_WHAT YOU ARE ASKED TO DO_
Could you give again exactly, and only, the lines from the one holding "新澳门历史所有记录大全，科学解答解释落实_yc58.43.65" through the end of the data, both ends included, with pictures left out?

_RECORDS TO PROCESS_
________________

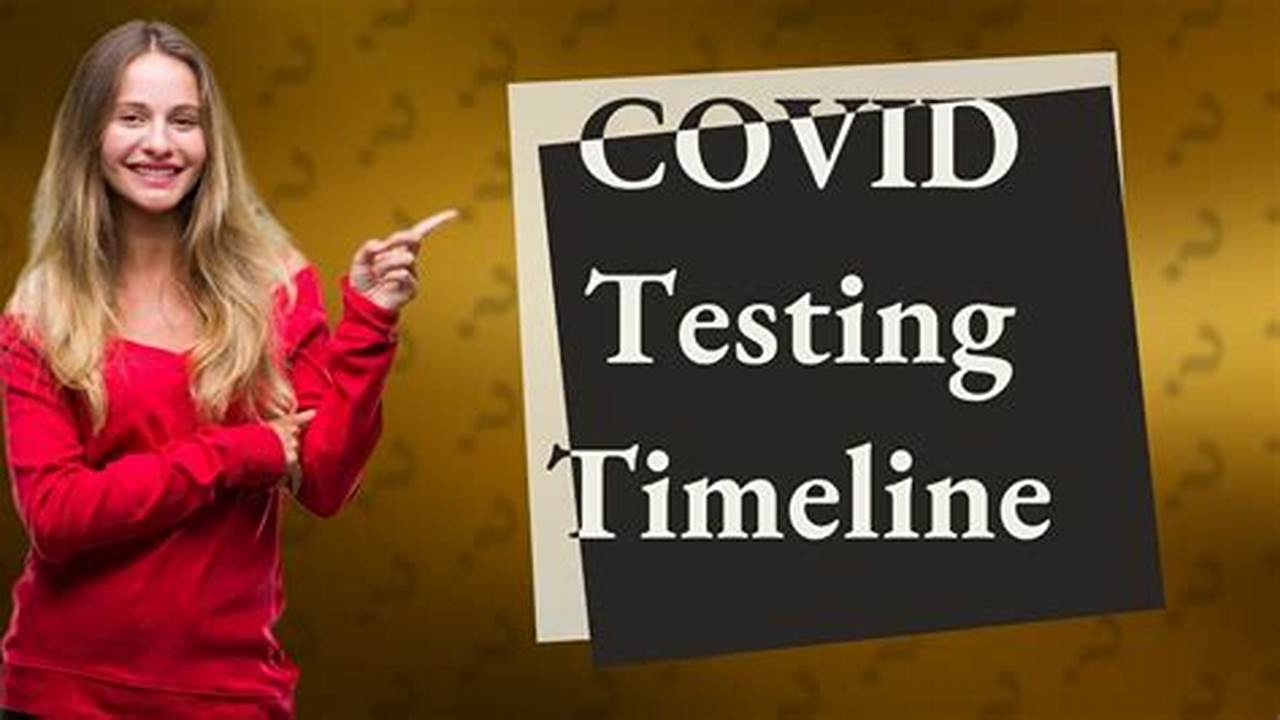 How Long After Covid Exposure Will You Test Positive 2024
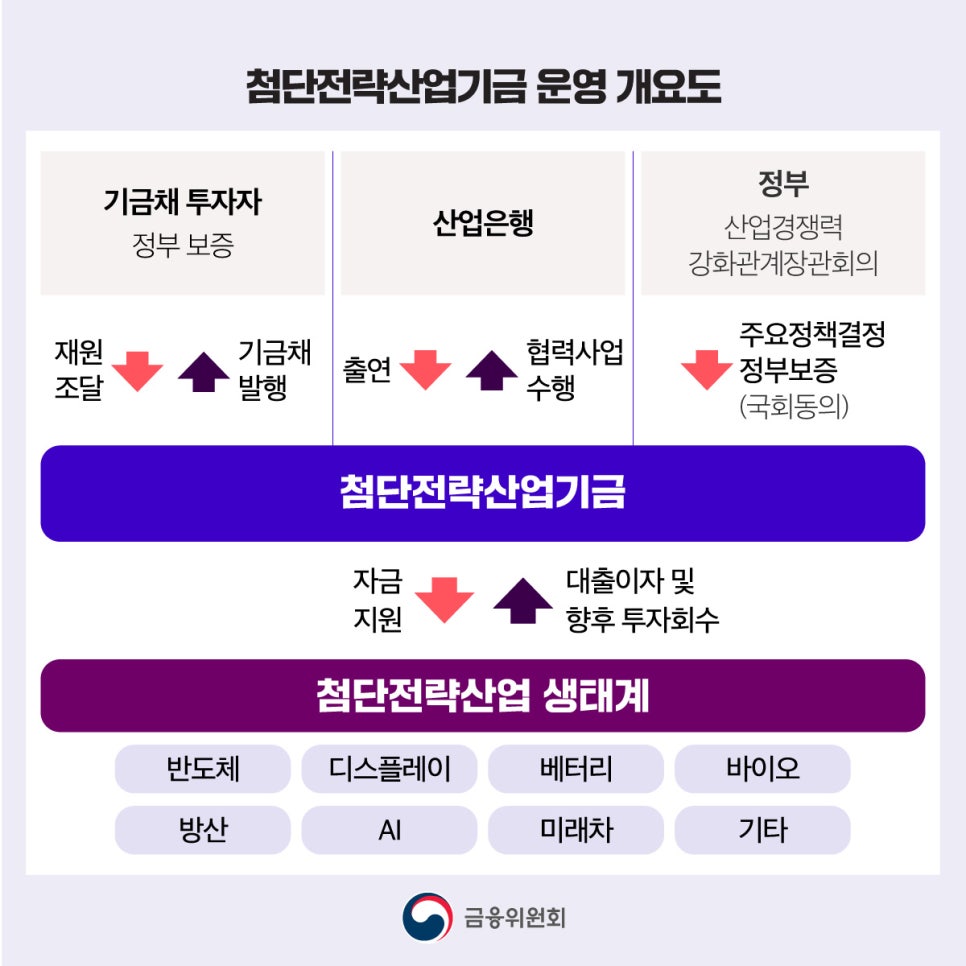 재원산업개발 이미지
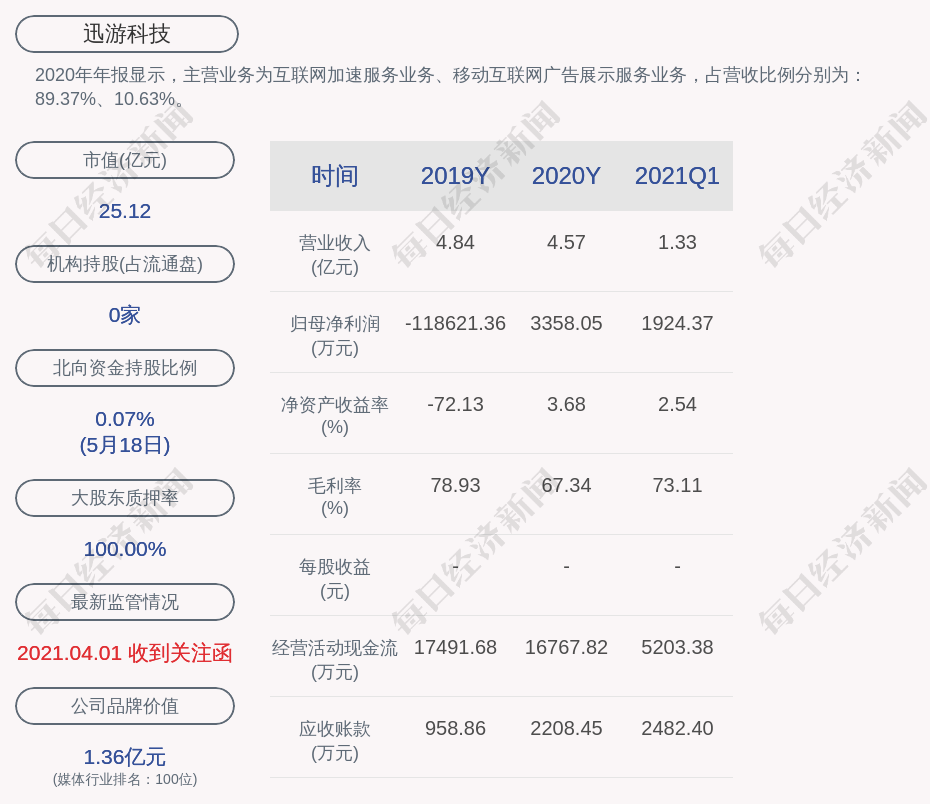 新澳门历史所有记录大全，科学解答解释落实_yc58.43.65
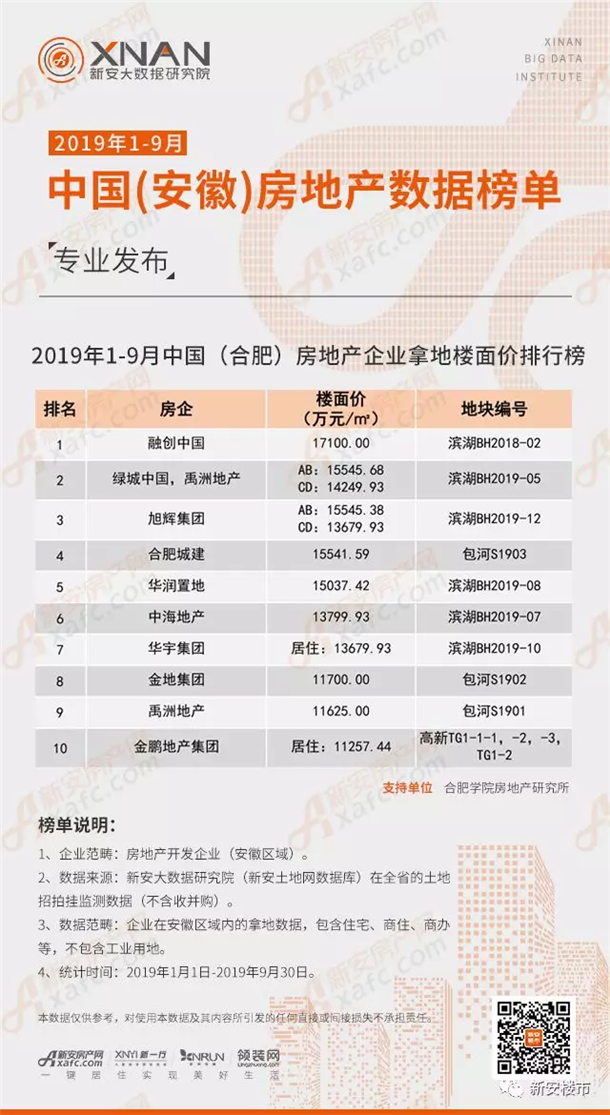 2019年1-9月中国(合肥)房地产企业拿地楼面价排行榜 2019年1-9月中国(合肥)房地产企业拿地楼面价排行榜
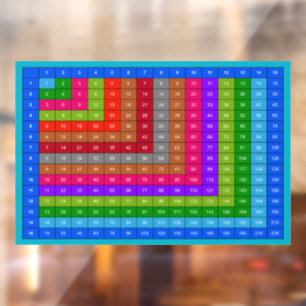 Autocollant Pour Fenêtre Table de multiplication colorée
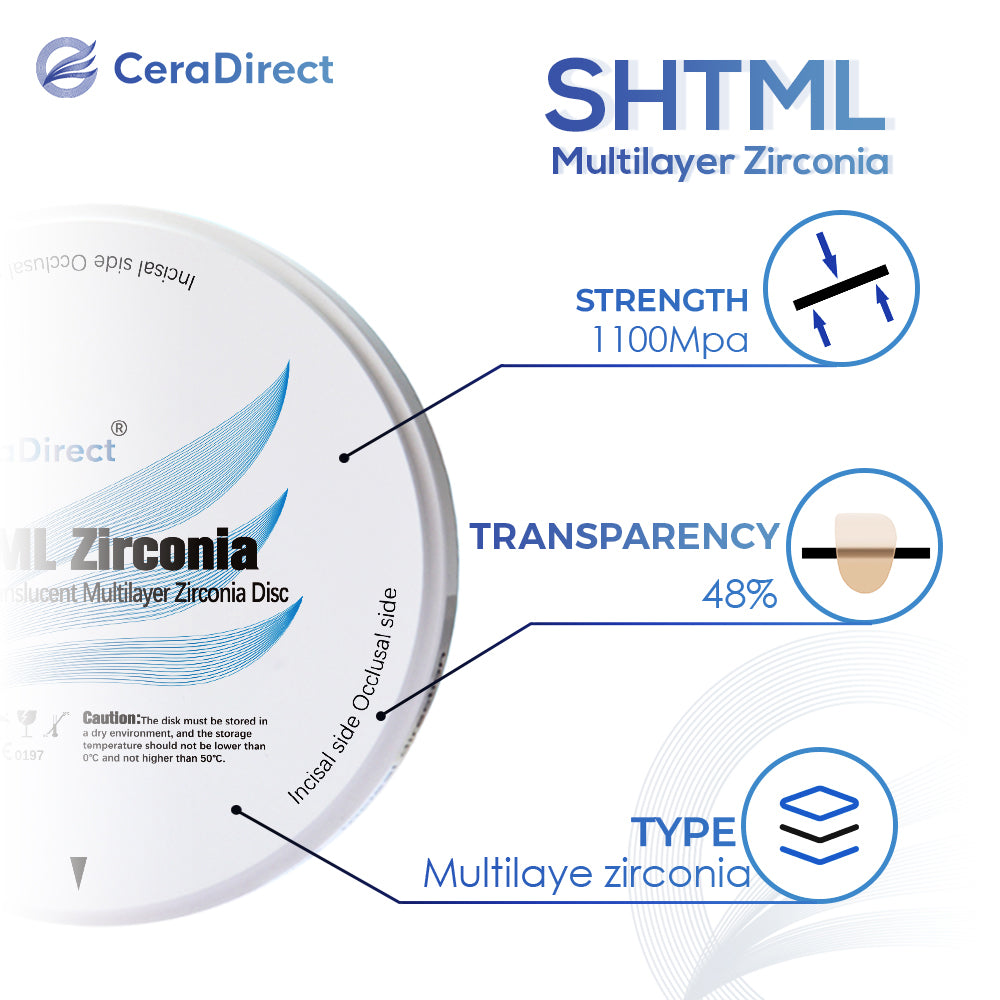 SHT+Multilayer—Multilayer Zirconia Disc Open System (98mm)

________________

_WRITTEN RESPONSE_
 新澳门历史所有记录大全，科学解答解释落实_yc58.43.65
 2019年1-9月中国(合肥)房地产企业拿地楼面价排行榜 2019年1-9月中国(合肥)房地产企业拿地楼面价排行榜
 Autocollant Pour Fenêtre Table de multiplication colorée
 SHT+Multilayer—Multilayer Zirconia Disc Open System (98mm)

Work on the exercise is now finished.